Well... the wall is WALLED. My whole 2x4 masterpiece is currently standing strong (and still standing several hours later, which is even more encouraging).It took a good chunk of the day into the afternoon for me to finish - but it got the Pack Leader Seal of Approval. The side wall which runs along where the doorway is to the foyer was really pretty easy... the main part of the brain power went into making the angled header. The ceiling in the kitchen has a bunch of funky angles that ALSO contain slopes (not just sharp lines) - so that makes it quite a challenge. But - I was pretty determined to impress the Rich Rich... so I went upstairs in the auditorium to the Great Cardboard Burial Ground and constructed me'self a template. It tore the carboard into smaller lengths and then ran it along the ceiling taping a new piece every time the angle changed. So then I had an accurate plan of the angles to lay out on the floor:
Soooo... then I was able to lay out pieces of two by four scraps like a little jigsaw puzzle and figure out where I had to use a new piece because of an angle change. And - if I kept it all fitting snug in the template it should slot-in all perfect-like. Then I had to face my next major JO JO Challenge (a Jo Jo Challenge is an obstacle which can easily be solved by your average head of arugala... but which causes me consternation.) This involved cutting angles on the Chop Saw - (Chop Saw is NOT something you order at the China Buffet, FYI). Not only did I have to cut the desired angle successfully - I first had to FIGURE OUT the desired angle. I'm sure there is a Bob-Better way to do this than I resorted to (I'll ask him next time he's here) - but I managed pretty well and actually cut the pieces fine with only one or two total mind-farts. The thing that was driving me REALLY nutty was Bob's Chop Saw. It has this lever that you push down to release a handle, and then you turn this handle to whatever degree you want the saw to cut (and the blade follows suit). It's really nice because it allows you to do it to a degree setting OR an eyeball setting (against a pencil line on your wood... or whatever)... but I found this thing SOOOO stubborn. It was really tough to make the thing move either direction and you'd kind of have to manhandle it to get it to start moving it - which made a successful adjustment of one or two degrees really hard. I think I actually screwed up my neck for the next couple of days fighting with the thing. BUT it does a great job - cuts really cleanly - and has a nice safety guard... which is important for those of us who like their fingers. So at the end of the day I said to Rich "That Chop Saw is really cool, but I hate the angle adjustment because it's so impossible to get to move". Rich says:
"Did you unscrew the lock".
Ah. A lock. Unscrew. Good to know.
Another droplet collected in the Eye Droper of Knowledge from the Vast Ocean of Joel's ignorance.
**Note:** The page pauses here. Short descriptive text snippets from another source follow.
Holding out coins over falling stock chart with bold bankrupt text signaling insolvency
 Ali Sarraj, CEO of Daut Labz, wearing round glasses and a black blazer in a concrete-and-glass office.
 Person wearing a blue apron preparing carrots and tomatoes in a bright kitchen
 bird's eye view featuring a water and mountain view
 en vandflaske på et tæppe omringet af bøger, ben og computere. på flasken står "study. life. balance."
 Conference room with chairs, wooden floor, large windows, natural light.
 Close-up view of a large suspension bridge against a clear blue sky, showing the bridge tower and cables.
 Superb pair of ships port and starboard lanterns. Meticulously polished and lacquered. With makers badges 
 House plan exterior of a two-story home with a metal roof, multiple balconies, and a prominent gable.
Anyway - so I put the whole thing together - cut and measured and angled and stuff. And put a handful of screws in JUST to keep it in one piece - because I didn't want to get it up there to see if it fit - and then have to take the WHOLE thing apart again because I'd made some dumb error. And it fit!!! It was a little snug - so I had to take a quarter of an inch off one side (which luckily was just a vertical right-angle section... and then I hammered and screwed the thing together and installed it!!!
And here's one where you can appreciate the entire glorious vista (the other new addition is the section on the right):
Now - here's a Jo Jo handy constructor tip. And this is actually one I did NOT learn from my mistakes on... I anticipated my mistake and DIDN'T do the doofus thing. KEEP YOUR TEMPLATE... because I still have to cover the thing with drywall... So I can use the same template to cut the perfect size plug of drywall to fit up there. :) See - if I'd thrown it out I'd have to template all over again. Every once in a while the noggin kicks into gear.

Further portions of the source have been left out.